Snake Clan Origins

by Richard L. Dieterle


Very little is known of the Snake Clan (Wak’ą Hik’ik’árajera). It is said that the Snake Clan is a recent addition to the Hocąk nation, however, this is usually just a means of associating the vigor and power of youth with the spirit of the clan. Along the same lines, it is said that the snake was the last to show up at the Creation Council of the Hocąk Nation, and that it was even the smallest in size.1 A few clan names are extant:2

Gisewek’inąk’a Sits Quiet in Her [Home]
Hąkš’umįk’a Lies upon His Stomach
Hinúkwak’ąwįka Female Snake (F)
Hip’ahiga Has Sharp Teeth
Hirotįga Attained Full Growth
Hokšiga High Snake
K’ik’urudiwįga She who Crawls
Kikúrutimąniwįka She who Crawls as She Walks (F)
K’irixminąk’a Sits Coiled Up (F, R)
Nasurariskaga Yellow (?) and White Head (L)
Naxékhiga Trees Wither and Die (L)
Wak’ąga Snake (F, L)
Wak’ąsgága White Snake (F)
Wak’ąhaga Snakeskin (F)
Wak’ąsepka Black Snake (F)
Wak’ącóka Green Snake (F)
Wak’ąxonunįk Little Snake (L)
Wak’ązika Yellow Snake (-)
Wak’ązíwįka Yellow Snake Woman (F)
- Likely Chief (R)

In the Medicine Rite, serpents are known by the poetic terms, "Spirit-Walking Soldiers" and "Crawling Soldiers."3

In the autumn when snakes retire to their underground chambers to hibernate, the Snake Clan holds its special feast. On this occasion they offer the serpents feathers, tobacco, and food. The food was introduced into the holes down which the snakes retired for the winter. At that time they also recounted the origin myth of the Snake Clan, a story which is still not publicly known. When the first humans entered the primordial Medicine Rite Lodge, where Hare was to establish Life for humans to its fullest extant, each represented one of the eight lower moiety clans of the Hocągara (Waterspirit, Buffalo, Elk, Deer, Fish, Bear, Wolf, and Snake). The last to enter was the chief of the Snake Clan, but it was he who would be initiated into the rite before all others.4 This reflects the serpent's special sacred status, and probably its association with rebirth expressed in the periodic sluffing off of its skin. The function of the Snake Clan was to keep the surface of the ground clean in the villages, and more importantly, its members were to use their special powers to perceive the approach of enemies, against whom they were the first line of defense.

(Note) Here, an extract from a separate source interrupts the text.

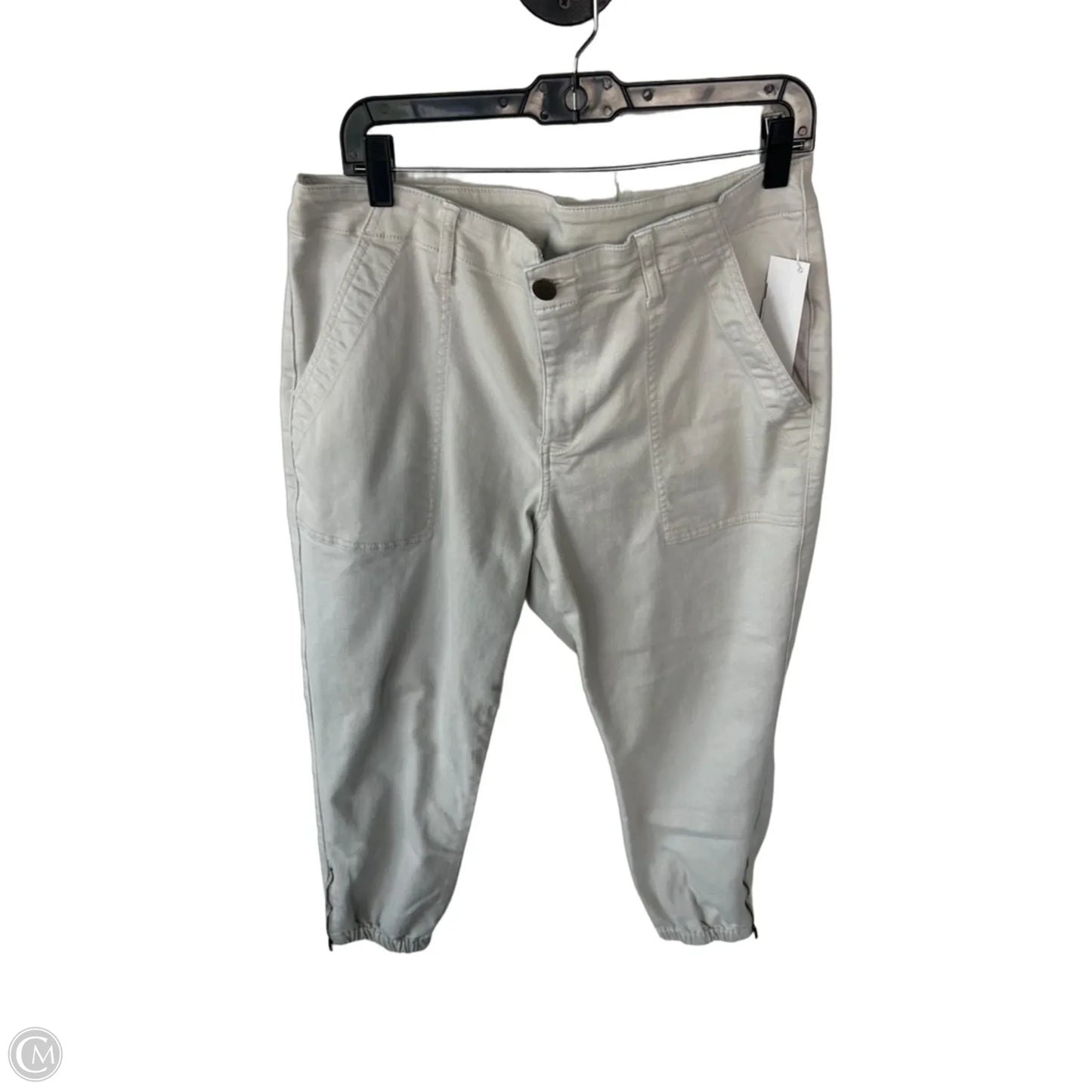 Pants Chinos & Khakis By Cabi In Tan, Size: 14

They shared this defensive role with their traditional friends, the Fish Clan.5


Snake Clan Origin Myth (fragmentary)

by David Laury


"The Snake Clan came last [to the Creation Council of the Hocąk Nation], so he sat down by the door as he was the least even in size. And the ones within the lodge said, 'He is a likely chief'. Therefore, a Snake Clan name is 'Likely Chief'."6


Commentary. "came last" — youth, and most of all being the youngest, symbolizes superior strength. This is why they think that he is a candidate for being chief. See "Themes" below. Of a piece with this is the idea that the most humble looking thing of any sort is very often the most powerful in its function. It is therefore said, for instance, that when a man picked the worst looking club among all those offered to him by the Thunderbirds, he had in fact picked the most powerful weapon in their possession. (See The Thunderbird Warclub)

"the ones within the lodge" — these are the progenitors of the other Hocąk clans as they are meeting in the Creation Council.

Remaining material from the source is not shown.